Newsletter Updates for September 2014
Highly recommended, Oct 2: an O’Reilly Media webcast Spark 1.1 and Beyond by Patrick Wendell and Ben Lorica. Two people who have much to share about where Apache Spark is heading.
My favorite conference in a long while was the Spark Tutorial hosted by Prof. Reza Zadeh @ Stanford ICME – home of world-leading innovation for machine learning at scale. The tutorial featured lectures on Spark Streaming, MLlib, GraphX, etc., from lead committers. Great to be working at Stanford again (if only for a few days this summer) and wonderful to meet many people who participated. Here’s an excellent set of notes. For Stanford affiliates, Prof. Zadeh has an upcoming course CME 323: Distributed Algorithms and Optimization with related content explored in much more detail.
We will hold another Spark Tutorial at UMD in College Park, Maryland on Oct 20–22, hosted by Prof. Jimmy Lin. That event sold out quickly, as did the one at Stanford – so we’ll do more! More about that in a bit.
The Quad @ Stanford University |
Another great conference this summer was the inaugural MesosCon 2014 in Chicago last month. Twitter kindly recorded all the sessions. In particular, Ben Hindman’s keynote hints toward cross-datacenter features on the horizon. My talk was about Spark on Mesos, and a related blog post shows a few simple steps to launch a Spark cluster on Mesosphere’s free-tier service atop Google Cloud Platform.
Mesosphere partnered with Google’s Omega team for a killer demo involving Kubernetes and Mesos, showing cluster failover/migration across datacenters in CA and NY. Sounds simple, but the implications are vast. The other killer demo, from eBay, featured YARN on Mesos – with ultimately no code mods required, just an additional JAR file plus some config settings. Check out related slides and video. Ginormous implications for that one, thanks eBay!
Sparky-the-Bear sez: ignite your data
Big news for me this summer was joining Databricks as Director of Community Evangelism. New business cards. Lotsa new tshirts. I’m thrilled to become part of this renowned team, delighted to be out in the field amidst the exponential growth of Spark production use cases.
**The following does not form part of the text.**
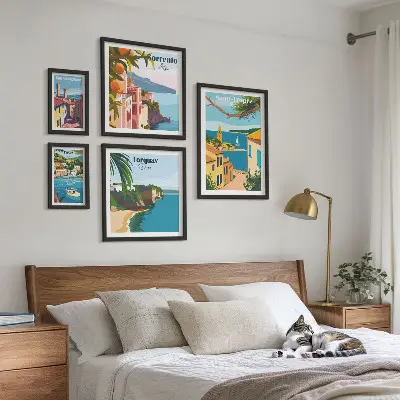 Set de 5 cuadros decorativos con paisajes de ciudades europeas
KDnuggets ran a story recently about our Spark news… and there’s a lot. To quote the Gartner report Hype Cycle for Advanced Analytics and Data Science 2014: “Databricks is providing certification, training and evangelism that mirror the early Hadoop model.” Of course AMPLab + Databricks have been running Spark training sessions for years. I’ve joined to lead this program, and our team is busy delivering:
- Spark Camp @ O’Reilly Strata and Spark Summit events
- professional workshops worldwide
- Spark Tutorial events held at major universities
- a new Spark developer certification by Databricks + O’Reilly Media
- free online resources for learning Spark
- plus a few other items that we won’t reveal just yet…
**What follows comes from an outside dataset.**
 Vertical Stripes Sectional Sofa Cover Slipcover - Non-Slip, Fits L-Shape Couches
Databricks and O’Reilly Media partnered to launch Developer Certification for Apache Spark http://oreilly.com/go/sparkcert – a brand spanking new program that leverages the amazing Spark experts @ Databricks + the incomparable editorial team @ O’Reilly Media:
val results = sc.parallelize(world_class).map(x => exp(log(x) * 2))
results.sum()
So my second O’Reilly book turned out to be a video + Docker image, while the third became a cert exam :) This formal exam takes < 90 minutes: expect multiple-choice questions based on small blocks of code in Python, Java, Scala. Questions test for a range of developer knowledge across Spark Core plus Spark SQL, Streaming, MLlib, GraphX, and typical use cases. We’re establishing the industry standard for measuring and validating technical expertise in Spark.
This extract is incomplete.